Maybe if any of the good features coming out today wasn’t paired with the monkey’s paw that is:
- it’s behind an app
- it’s a subscription service
- it’s planned obsolescence
- I can actually fix it with third party vendors
- it’s selling your data
Maybe then consumers would actually get excited by new developments. All these trends are doing is turning the new generations into luddites.
I love it when people are called “Luddites” for hating the enshittified tech because guess what? The OG Luddites weren’t actually “Luddites”, either. They weren’t afraid of progress per se, but its use against the average person. Unfortunately, the propaganda against them worked too well.
Lol “hoarding”… If they were truly that concerned about a stagnant economy they could sell product at cost and not inflated retail. That would incentivize moving a lot more product while turning all the gears in the supply chain and satisfying a ton of jobs throughout.
But they don’t really care the economy itself, just that it can be harnessed to make a rich guy richer as a byproduct. An economy that isn’t making the rich richer is worthless to them, so they come up with articles like this to shame people.
That’s full-on Newspeak, is what that is.
Can we get a headline about bazillionaires hoarding wealth?
Some journalist should start calling them all Smaug. The problem is a bunch of us asshats would then be like “Smaug did nothing wrong!”
Why should dragons pay tax. He earned that gold fair and square!
#temporarilyembarrasseddragons
Seriously, I remember the days when buying the newest model of phone every year was seen as near parody levels of hyper-consumerism. It was lambasted, mocked, looked down on.
In the meantime EU is forcing manufactures to use replaceable batteries, provide updates for 5 years and spare parts for 7 years.
I had to buy a new phone for work. My current jailbroken one was rejecting the auth app I needed to logon suddenly after an update.
I tried using an older phone using a newer (lineage) OS, no root, but the App kept saying no. I was beginning to lose quite a few working hours on this, and my work said “no” when I asked them for a phone.
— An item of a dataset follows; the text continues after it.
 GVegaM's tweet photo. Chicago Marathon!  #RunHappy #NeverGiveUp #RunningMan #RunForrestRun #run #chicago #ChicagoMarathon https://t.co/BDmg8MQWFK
So I bought a Fairphone6. Unnecessarily. I’m certain it’s a good phone, with great repairability, and I will probably switch to it at some point in the future if my current phone ever stops working.
But it exists to log me in to work. That’s its sole purpose. I dread to think what I’ll have to buy next if the logon app gets too old on this phone.
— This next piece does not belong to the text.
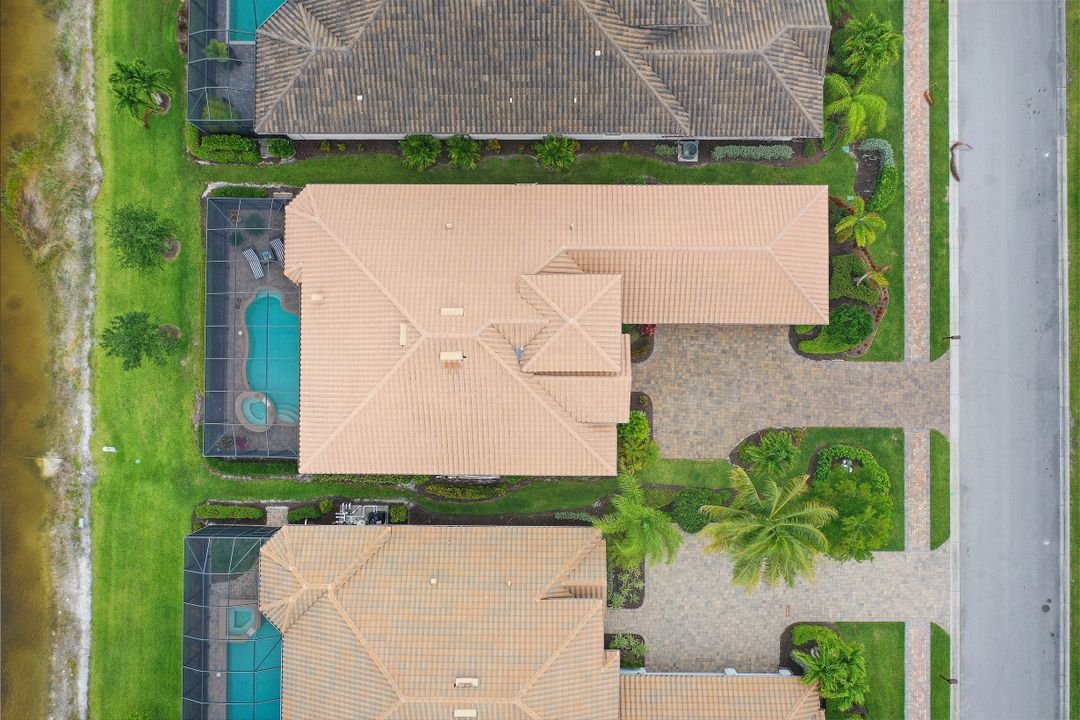 7446 Lantana Cir, Naples, FL 34119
Buying an old galaxy s7/s8/s9, oneplus 3/5 or something like that would have cost 90% less and saved a phone from the landfill. Or one with a cracked (but working) screen for 95% less. If all you need is the login process, an old phone with stock firmware would have been good enough.
I have two of those old phones, I flashed the stock but the Android was too low, I flashed the lineage with Android 13, re-locked the bootloader, and the App still fucking said no. Once you’ve opened the bootloader even once, a flag is set in the gsettings.
At that point I wasn’t even sure if my boss was going to let me keep this job, so I just went out and bought a new phone that I knew would be delivered the very next day
If it was a work requirement, it should have been provided by work. Employers passing their own costs down to employees needs to stop.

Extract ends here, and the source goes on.